The Thrill Went Missing

From South African Fields

They showed up for Messi, for Kaká, for Rooney and for Eto’o. But if it hadn’t been for Donovan, for Klose, Honda or Robben, they would’ve left empty handed.
Along with Sneijder and Robinho and Gyan and Drogba, this mid-rank bunch had to make it do due to the scarcities of this cup.
They all thought that Argentina against Mexico, Brazil versus Netherlands, Germany against England or Uruguay versus Ghana would be matches for the ages. But made of quiet desperation or a frenetic show of goals, none of them got in the league of the greatest ever played.
They expected fireworks from the clash of cultures, of offensive and unbound flair against the discipline of well-trained armies, of South American dribbling and improvisation to the European deference to experience and game plans. But came out each time lacking of what never even made it to Africa: the spark, a flash, the lightning bolt.
The stars sent their look-alikes. The top teams, their holographic displays. And within arenas heavily insulated from the host continent, they played their bureaucratic diagrams on a field of artificial lines.
Robots impersonating flesh and blood referees faked their way through decisions, and many a faulty call ruined legitimate fair plays. In the end it was if we’re still living in Super 8 times, with no instant replay or high definition precision. Thus bad rules enforced on the moment were autocratically above any appeal for later change.
This was the most hollow of all editions of the World Cup. It packaged its history and sold it like soap. It used a hard-earned credibility to justify an unconvincing progression. And reduced its global democratic image to a catchy slogan with a borrowed native beat.
If this is FIFA’s idea for an arresting show, maybe it’s time for it to leave the stage. This game is already way too rich, way too static, and way too elitist to convey any resemblance of joy and communion. When it comes to this level, its main stars are simply too tired, too jaded, too unsold on the idea of doing it for country and glory.
And the colors of the game stripes are already fading. And the call for patriotism too embedded with carnage. And any sense of social justice is as alien as its potential for promoting art and substance over pomp and social rank.
Football as passion will transcend all this, of course. And so will its ability to encapsulate a life experience within 90 minutes or less. What it can no longer pass for is what used to be called authenticity. And that’s just fine.
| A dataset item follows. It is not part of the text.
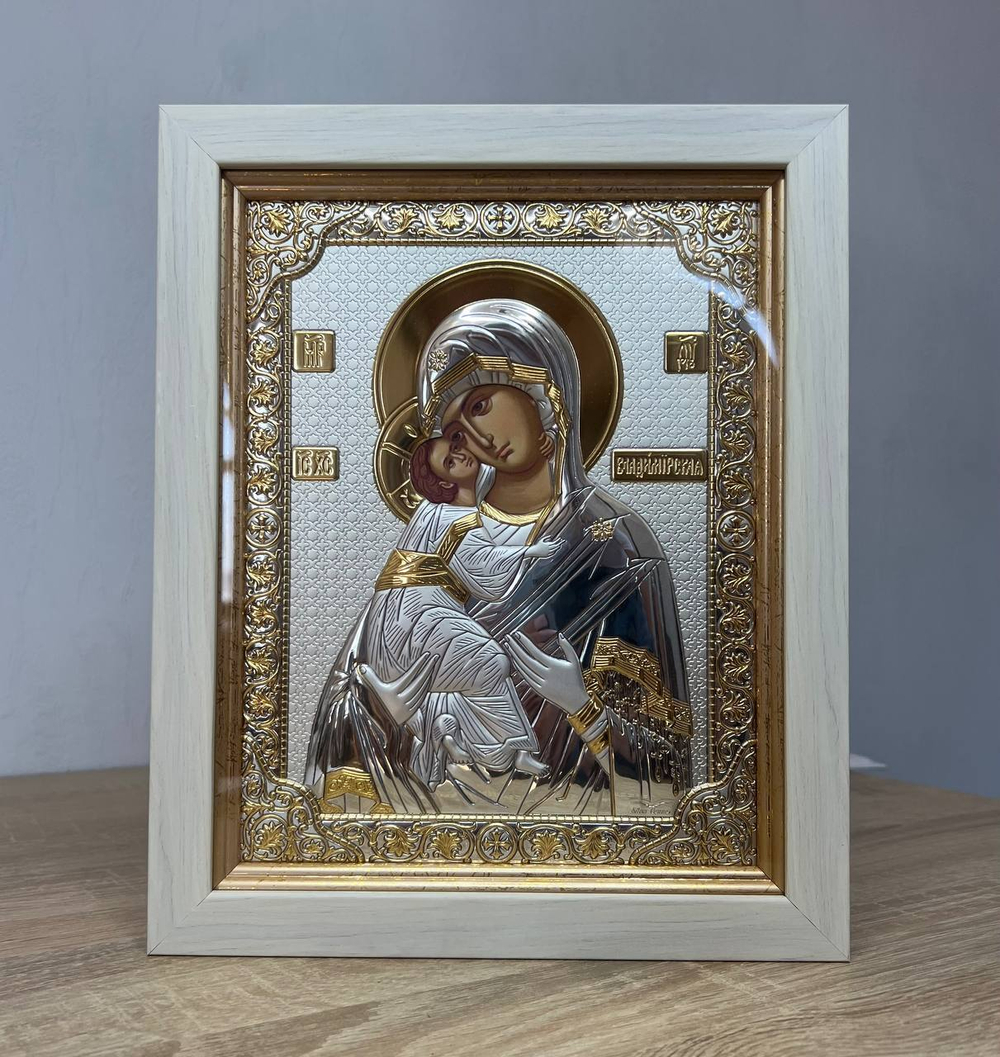 Владимирская БМ, икона прямоугольная в рамке под стеклом, белое дерево 232х280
Just don’t pretend we don’t already know all about it.
They paid to see a sport show, not a sorry display of unjust rules and spoiled actors, pretending the high price of the ticket doesn’t also include an extra drop of their sweat. They came from distant places to get to know a bit more about this land. They left as if all they saw was a bad-drawn replica of what they’d left at home.
No different songs to sing, for the main attractions were mostly foreigners like them. No new language to learn because Coca-Cola or McDonald speak only one tongue and it’s native to nowhere. And, ultimately, not new human experiences because the majority of Africans could not even afford to see the games.
They’re leaving with something missing. Some wonder why they even bothered coming or packed back such a bitter sauce.
So, for the champions and their fans, our grandest congratulations. For everyone else, this game may no longer be worth the price of the ticket.